The Joint Finance Committee unanimously backed a plan to use additional revenue from online sales to reduce income taxes by another $136.1 million in tax year 2020 on top of what the committee added to the budget and existing law.
Between the bill and the budget, the combined impact would be a reduction of $136 in 2020, according to the Legislative Fiscal Bureau.
Revenue Secretary Peter Barca said the agency has had “constructive” conversations with Republicans about the bill.
The state was already in line to reduce income taxes in 2019 due to additional sales tax collections from online sales following a U.S. Supreme Court decision. Under existing law, the reduction — projected to be $61 million — would be proportional across all four of the state’s tax brackets.
Due to a drafting error, the tax break would’ve only applied to tax year 2019.
The bill would target the reductions in the bottom two brackets while also capturing more online transactions to increase the amount of sales tax the state would take in.
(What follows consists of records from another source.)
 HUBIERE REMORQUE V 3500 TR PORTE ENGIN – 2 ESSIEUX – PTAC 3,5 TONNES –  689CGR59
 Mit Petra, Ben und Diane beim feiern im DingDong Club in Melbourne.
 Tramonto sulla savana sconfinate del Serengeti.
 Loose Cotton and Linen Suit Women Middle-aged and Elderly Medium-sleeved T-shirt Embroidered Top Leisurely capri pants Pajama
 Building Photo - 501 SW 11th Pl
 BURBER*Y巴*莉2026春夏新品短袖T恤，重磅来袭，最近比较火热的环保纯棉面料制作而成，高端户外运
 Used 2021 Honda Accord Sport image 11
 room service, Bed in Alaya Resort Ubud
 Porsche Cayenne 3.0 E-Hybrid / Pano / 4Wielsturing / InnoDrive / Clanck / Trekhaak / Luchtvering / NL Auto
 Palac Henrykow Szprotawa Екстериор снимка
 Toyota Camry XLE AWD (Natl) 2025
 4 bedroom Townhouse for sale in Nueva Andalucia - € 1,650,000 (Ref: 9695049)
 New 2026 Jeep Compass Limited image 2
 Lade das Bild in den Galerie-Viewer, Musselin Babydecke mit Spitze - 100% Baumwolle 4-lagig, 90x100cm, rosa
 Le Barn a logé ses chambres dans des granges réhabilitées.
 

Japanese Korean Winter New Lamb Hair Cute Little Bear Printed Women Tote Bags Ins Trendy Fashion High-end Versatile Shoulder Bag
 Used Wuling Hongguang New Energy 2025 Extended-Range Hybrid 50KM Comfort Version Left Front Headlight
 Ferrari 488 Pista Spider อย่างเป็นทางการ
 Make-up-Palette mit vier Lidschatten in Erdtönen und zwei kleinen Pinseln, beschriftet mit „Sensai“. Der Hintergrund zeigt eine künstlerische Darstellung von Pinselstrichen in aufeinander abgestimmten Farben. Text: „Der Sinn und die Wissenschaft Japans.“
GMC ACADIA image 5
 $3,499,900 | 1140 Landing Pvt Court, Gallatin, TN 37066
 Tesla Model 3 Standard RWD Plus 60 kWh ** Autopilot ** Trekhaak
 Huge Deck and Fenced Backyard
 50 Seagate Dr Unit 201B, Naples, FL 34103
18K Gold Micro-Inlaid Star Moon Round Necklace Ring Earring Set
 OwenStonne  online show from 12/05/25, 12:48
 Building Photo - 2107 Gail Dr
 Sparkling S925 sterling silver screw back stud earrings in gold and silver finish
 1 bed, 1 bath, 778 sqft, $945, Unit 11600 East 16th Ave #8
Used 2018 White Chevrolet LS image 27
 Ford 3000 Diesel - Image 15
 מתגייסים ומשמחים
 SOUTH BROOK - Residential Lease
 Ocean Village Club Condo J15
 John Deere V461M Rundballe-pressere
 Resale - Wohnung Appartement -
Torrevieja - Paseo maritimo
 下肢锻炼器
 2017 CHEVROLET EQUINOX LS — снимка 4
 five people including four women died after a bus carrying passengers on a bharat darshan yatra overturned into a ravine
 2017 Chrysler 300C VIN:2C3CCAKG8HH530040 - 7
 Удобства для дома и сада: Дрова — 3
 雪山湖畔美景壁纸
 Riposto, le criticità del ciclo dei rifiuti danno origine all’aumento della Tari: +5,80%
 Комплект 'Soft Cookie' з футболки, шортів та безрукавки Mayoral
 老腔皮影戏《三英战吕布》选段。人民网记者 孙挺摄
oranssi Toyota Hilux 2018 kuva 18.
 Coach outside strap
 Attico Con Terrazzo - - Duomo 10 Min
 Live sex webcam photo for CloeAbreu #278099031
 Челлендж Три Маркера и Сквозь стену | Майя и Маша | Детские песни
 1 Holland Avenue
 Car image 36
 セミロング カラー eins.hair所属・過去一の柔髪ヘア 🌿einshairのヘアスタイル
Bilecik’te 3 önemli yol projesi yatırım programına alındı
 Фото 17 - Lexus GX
It also would make the tax breaks permanent.
Under the legislation:
*the lowest rate of 4 percent would drop to 3.89 percent in tax year 2019. It would then go to 3.76 percent in tax year 2020.
*the second lowest rate would drop to 5.21 percent from the current 5.84 percent under the budget the committee approved earlier Thursday. The bill would take that reduction to 5.08 percent in tax year 2019 and then 4.93 percent in tax year 2020.
The state’s top two brackets of 6.27 percent and 7.65 percent would remain the same.